§ **PROVIDED DATA**:
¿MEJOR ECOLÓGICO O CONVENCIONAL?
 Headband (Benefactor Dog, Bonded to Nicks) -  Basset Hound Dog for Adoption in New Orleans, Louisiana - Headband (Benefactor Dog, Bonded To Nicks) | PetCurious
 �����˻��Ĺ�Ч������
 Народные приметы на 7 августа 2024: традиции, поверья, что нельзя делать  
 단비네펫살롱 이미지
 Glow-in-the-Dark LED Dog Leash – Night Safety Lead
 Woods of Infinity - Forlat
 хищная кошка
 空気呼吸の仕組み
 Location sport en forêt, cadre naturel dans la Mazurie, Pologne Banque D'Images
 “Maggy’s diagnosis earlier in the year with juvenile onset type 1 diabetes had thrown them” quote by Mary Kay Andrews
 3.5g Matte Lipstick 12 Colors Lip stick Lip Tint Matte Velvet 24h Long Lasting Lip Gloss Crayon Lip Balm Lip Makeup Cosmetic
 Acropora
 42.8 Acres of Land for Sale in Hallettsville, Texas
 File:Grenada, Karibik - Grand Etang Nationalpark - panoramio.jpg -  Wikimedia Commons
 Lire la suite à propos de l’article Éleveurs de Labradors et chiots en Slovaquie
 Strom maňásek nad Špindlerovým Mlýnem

§ **TRY IT**: Return all of the material verbatim, with no line left out.

§ **SOLUTION TO THIS EXERCISE**:
¿MEJOR ECOLÓGICO O CONVENCIONAL?
 Headband (Benefactor Dog, Bonded to Nicks) -  Basset Hound Dog for Adoption in New Orleans, Louisiana - Headband (Benefactor Dog, Bonded To Nicks) | PetCurious
 �����˻��Ĺ�Ч������
 Народные приметы на 7 августа 2024: традиции, поверья, что нельзя делать  
 단비네펫살롱 이미지
 Glow-in-the-Dark LED Dog Leash – Night Safety Lead
 Woods of Infinity - Forlat
 хищная кошка
 空気呼吸の仕組み
 Location sport en forêt, cadre naturel dans la Mazurie, Pologne Banque D'Images
 “Maggy’s diagnosis earlier in the year with juvenile onset type 1 diabetes had thrown them” quote by Mary Kay Andrews
 3.5g Matte Lipstick 12 Colors Lip stick Lip Tint Matte Velvet 24h Long Lasting Lip Gloss Crayon Lip Balm Lip Makeup Cosmetic
 Acropora
 42.8 Acres of Land for Sale in Hallettsville, Texas
 File:Grenada, Karibik - Grand Etang Nationalpark - panoramio.jpg -  Wikimedia Commons
 Lire la suite à propos de l’article Éleveurs de Labradors et chiots en Slovaquie
 Strom maňásek nad Špindlerovým Mlýnem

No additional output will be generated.